Унаследовав революционно-демократический образ Шевченко от предыдущей эпохи (см., например, стихотворение Н. Некрасова «На смерть Шевченко», 1861), русские литераторы рубежа веков сравнивали его с современными поэтами по принципу противопоставления настоящей великой поэзии и преходящей современной поэзии. Здесь в «житийном» образе борца за народное дело начала превалировать литературная составляющая великого национального поэта. Хотя сугубо национальный, украинский элемент не всегда выходил на передний план. Так, в своей программной статье «О современном лиризме» (1909) высокого ценивший Шевченко И. Анненский[582]

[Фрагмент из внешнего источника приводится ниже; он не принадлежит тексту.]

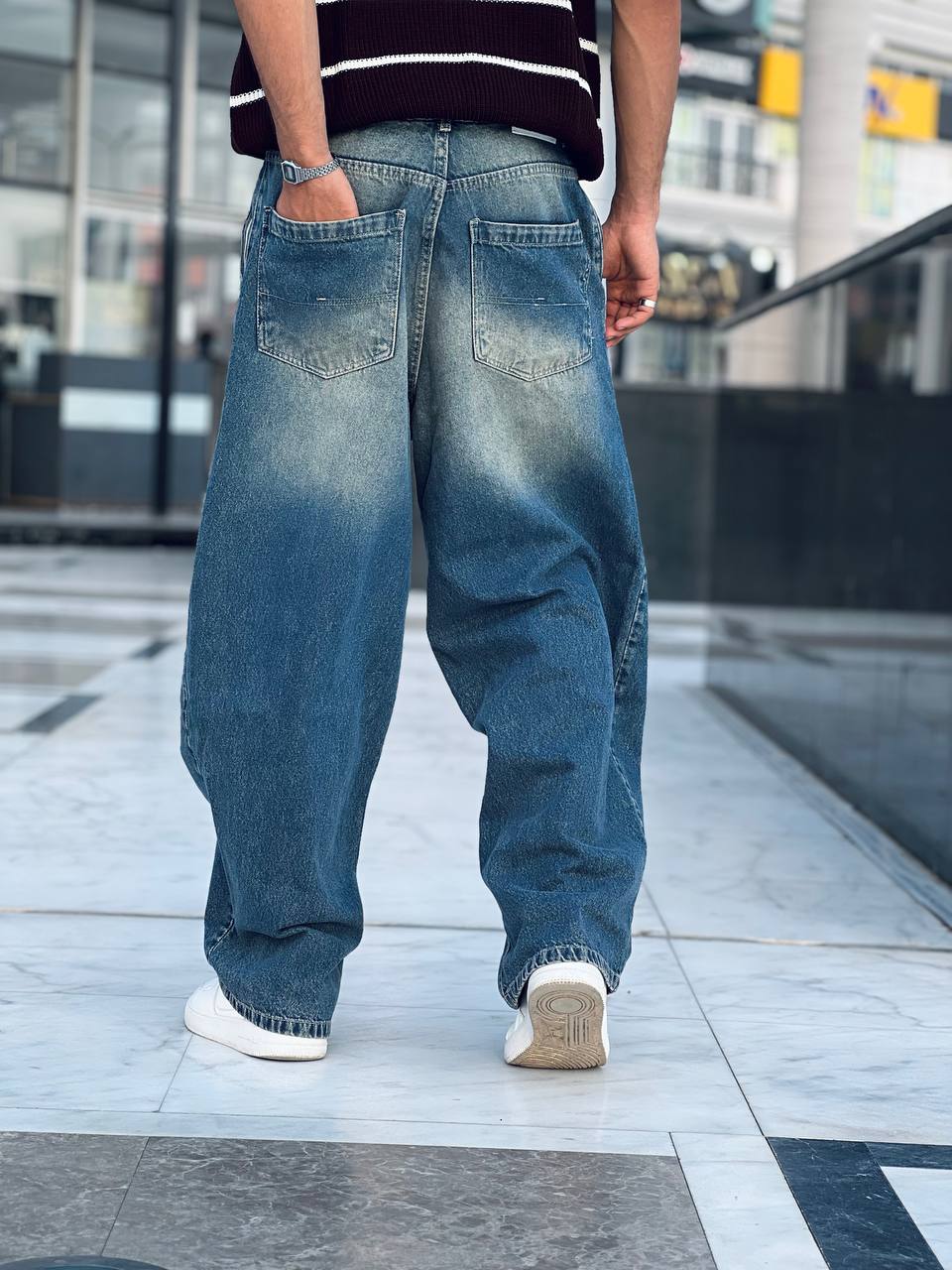 Washed baggy jeans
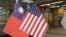 陈列于台北捷运站的装饰性美国和中华民国国旗（美国之音齐勇明摄）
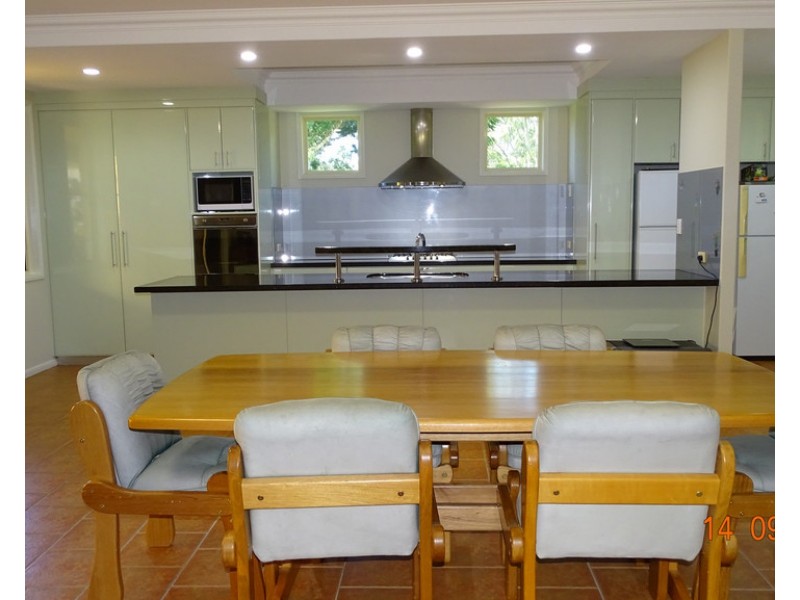 22 Lucas Drive, Burrum Heads QLD 4659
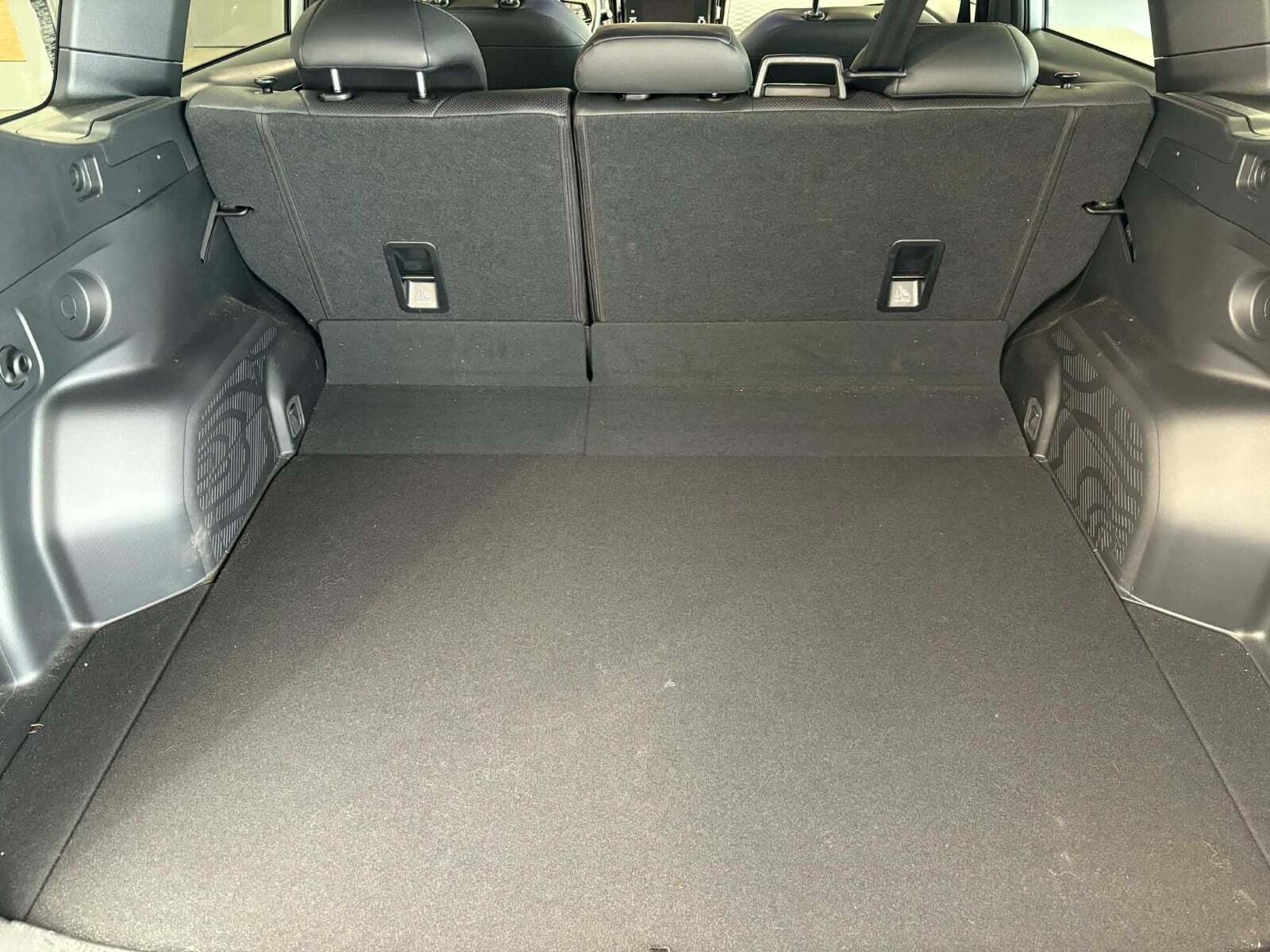 Sølv Subaru Forester fra 2025 set indefra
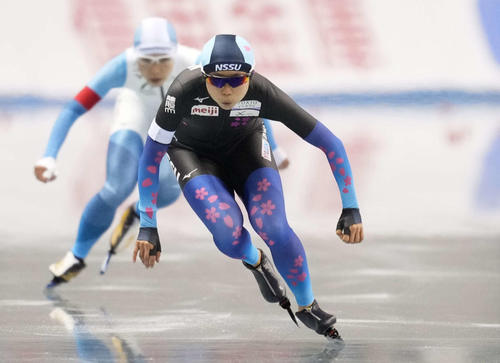 21年10月、スピードスケート全日本距離別選手権・女子500メートルで滑走する高木美帆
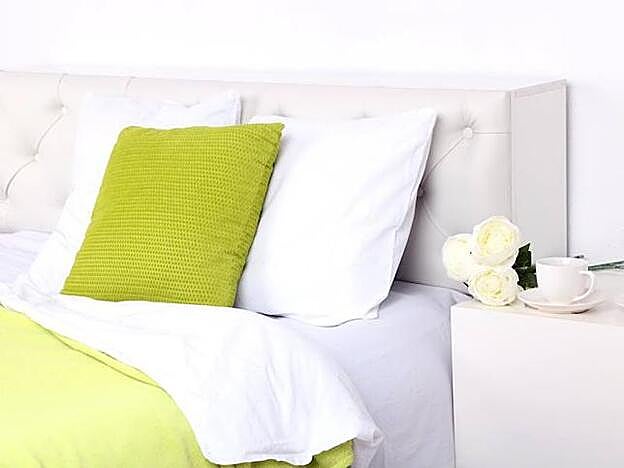 Tonos neutros junto con tonos alegres, máximas del feng shui en el dormitorio.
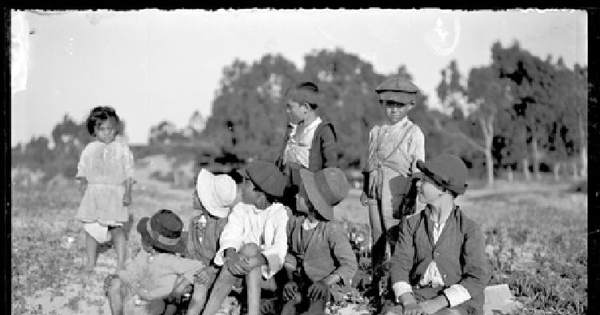 Retrato de niños y niñas en el campo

противопоставлял его, Пушкина и Жерара де Нерваля русским молодым поэтам как представителям инстинктов «самосохранения, традиций и медленного культурного преуспеяния»[583]. Первые – «неэстетические романтики ‹…› никаких легенд не изображают, но они сами – легенды», тогда как вокруг вторых «ни одной легенды не возникнет»[584]. Характерно для Анненского, что он ставит в один ряд национальных поэтов и Жерара де Нерваля, который отнюдь не воспринимался в такой роли ни при жизни, ни посмертно и чья канонизация в качестве «подземного классика» французского романтизма началась только на рубеже XX столетия[585].С замечаниями Анненского перекликалась посвященная 50-летию со дня смерти Шевченко статья П. Наумова «Шевченко и Мистраль (Историко-литературная параллель)», напечатанная в «Аполлоне» непосредственно после стихотворений Мандельштама. Наумов сравнивал творчество Шевченко с «бесчисленными произведениями талантов-эфемеридов» сегодняшнего дня[586]

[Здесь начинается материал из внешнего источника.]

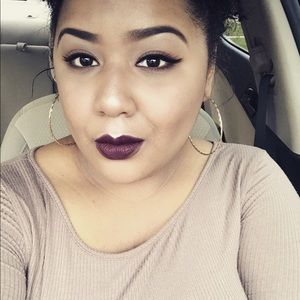 Meet your Posher, Veronica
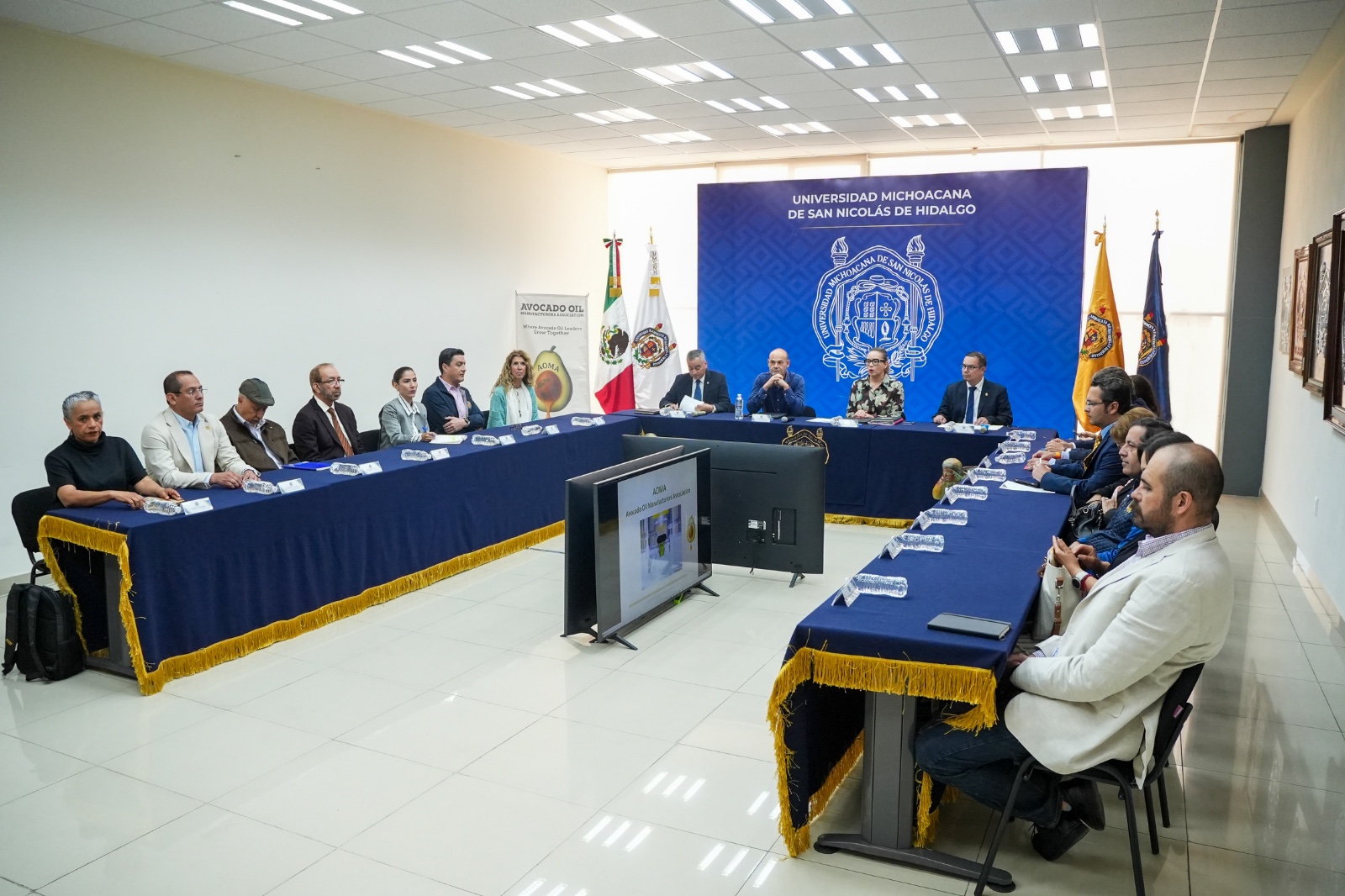 UMSNH impulsa una política de vinculación, cooperación y proyección global; Yarabí Ávila signa carta intención con AOMA UMSNH impulsa una política de vinculación, cooperación y proyección global; Yarabí Ávila signa carta intención con AOMA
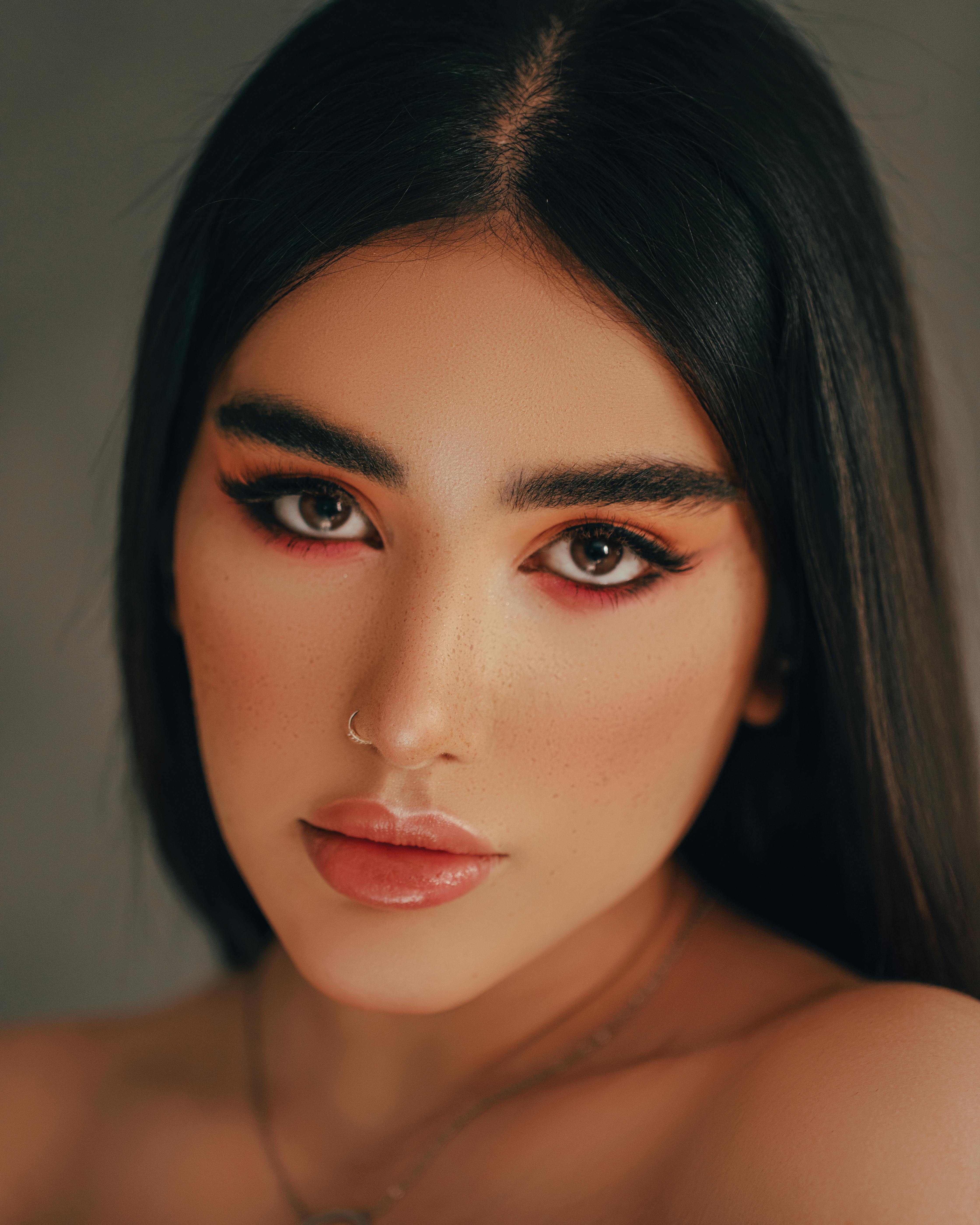 التاتو التجميلي تناسب من تفضل الحواجب الجريئة والواضحة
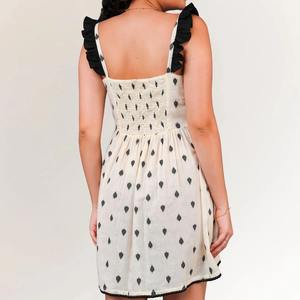 Robe mini en coton brodée de qualité supérieure pour femmes, idéale pour les vacances d'été à la plage et les tenues décontractées, disponible au meilleur prix - Product Image 4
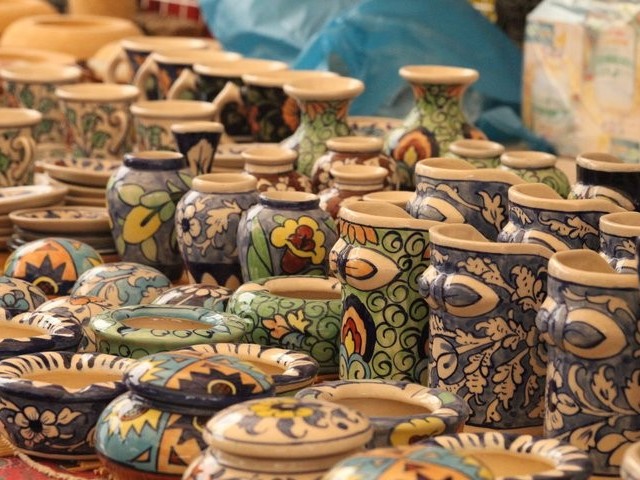 Pakistan In Pictures: Pakistani handicrafts: Intricate and beautiful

.В дальнейшем Мандельштам перенесет заявленную Анненским дихотомию органичного трагического искусства и русского «нетрагического» модернизма на поэзию самого Анненского в контексте современной ему эпохи. В статье «Письмо о русской поэзии» (1922), подводя нелицеприятные итоги русскому символизму, Мандельштам писал:
Дух отказа, проникающий поэзию Анненского, питается сознанием невозможности трагедии в современном русском искусстве благодаря отсутствию синтетического народного сознания, непререкаемого и абсолютного (необходимая предпосылка трагедий)[587]

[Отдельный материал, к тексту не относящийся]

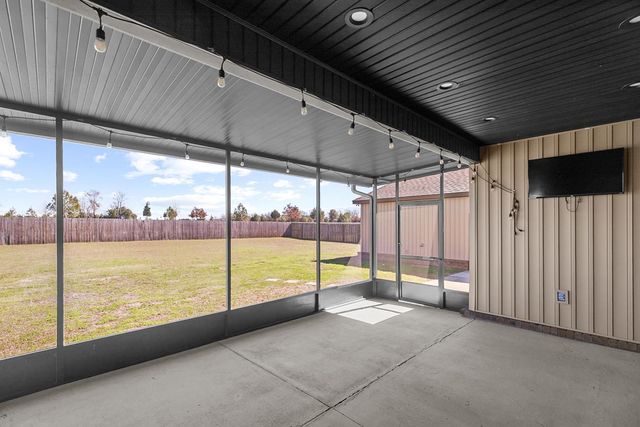 125 Tanglewood Drive, Headland, AL 36345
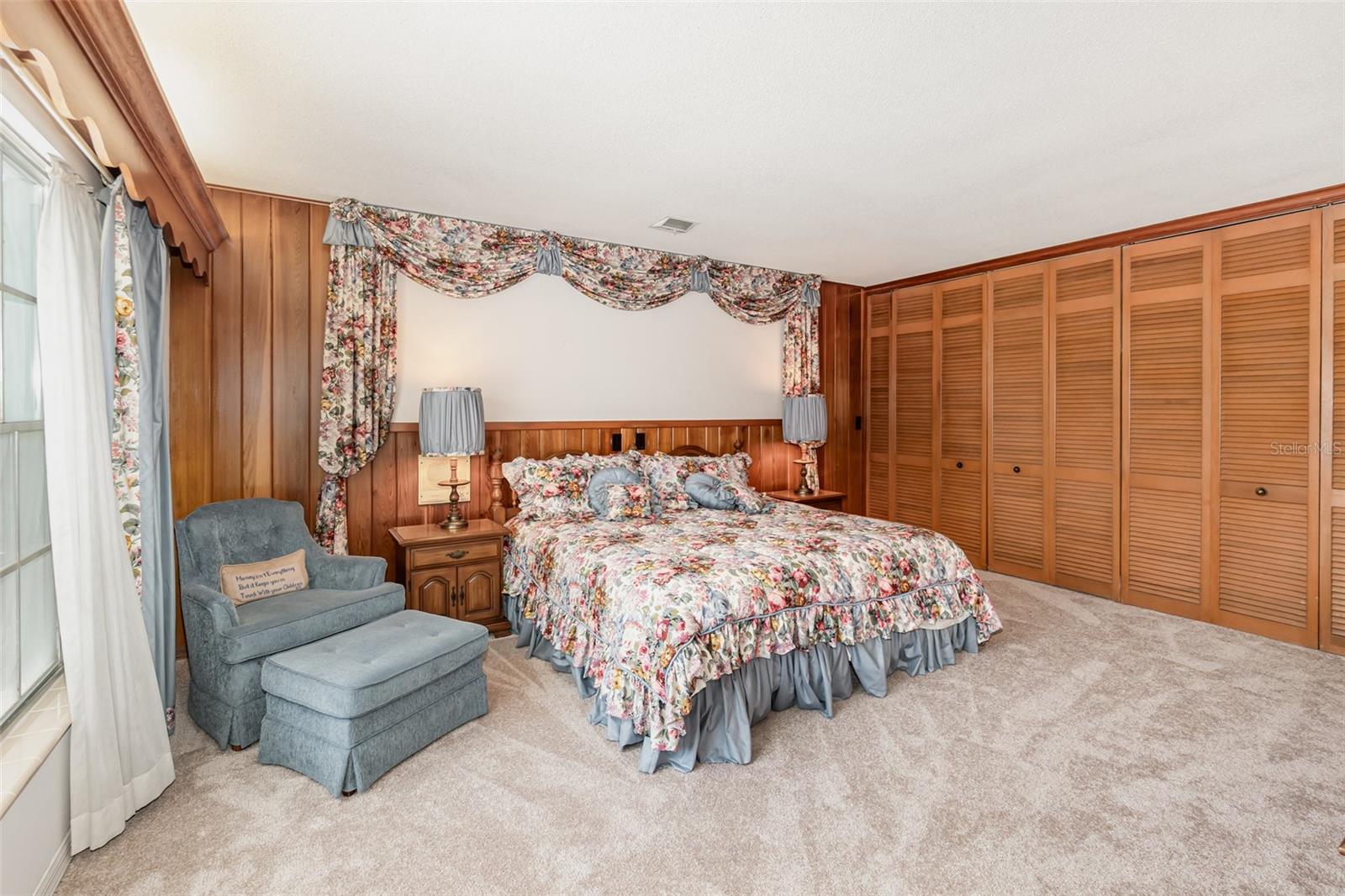 Image 24 of 42 For 300 Idyllwilde Drive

.Мандельштам здесь подхватывает мысль Анненского о «легендарном» искусстве, но развивает ее в направлении национально ориентированной мифопоэтики младших символистов, утверждая совсем не обязательную для Анненского мысль о необходимости для личного поэтического мифа синтетического народного сознания, скрепляющего индивидуальное творчество и национальную историю. У Вяч. Иванова эта система взглядов получила форму противопоставления «всенародного» искусства «органической» эпохи и «индивидуального», «интимного» искусства современности[588]
. Политическая поэзия Мандельштама 1930-х гг. во многом может восприниматься как сознательная попытка выйти за рамки «индивидуального» во «всенародное» искусство. Возможно, в этом ракурсе стоит понимать его слова Эмме Герштейн о том, что его антисталинское стихотворение «комсомольцы будут петь на улицах! ‹…› В Большом театре… на съездах… со всех ярусов…»[589].В этом смысле для Мандельштама, как я далее покажу, Т. Шевченко стал одним из представителей состоявшейся исторической «трагедии» – реализации подвижнической миссии поэзии, в которой было отказано Анненскому и на которую ориентировался сам Мандельштам, говоривший Анне Ахматовой перед прочтением ей своего антисталинского стихотворения, что «стихи сейчас должны быть гражданскими»[590]
. В 1934 г. слово поэта становится его делом, его судьбой: из-за эпиграммы Мандельштам был арестован и сослан в Воронеж, где в 1935 г. он читает Шевченко.В 1934 г. широко отмечалось 120-летие со дня рождения Шевченко. Это советское празднество проходило на фоне последствий голода на Украине, жестокого сворачивания Сталиным политики украинизации и уничтожения украинской интеллигенции. И стихотворение лета 1933 г. «Холодная весна. Бесхлебный робкий Крым…», описывающее последствия голода на землях «Украйны и Кубани»[591]
, послужило вместе с эпиграммой на Сталина уликой в деле Мандельштама в 1934 г. Это пересечение жизненного пути Мандельштама, трагической поры в истории Украины и празднования шевченковского юбилея имело свой прецедент в самом начале знакомства Мандельштама с Украиной – в 1919 г.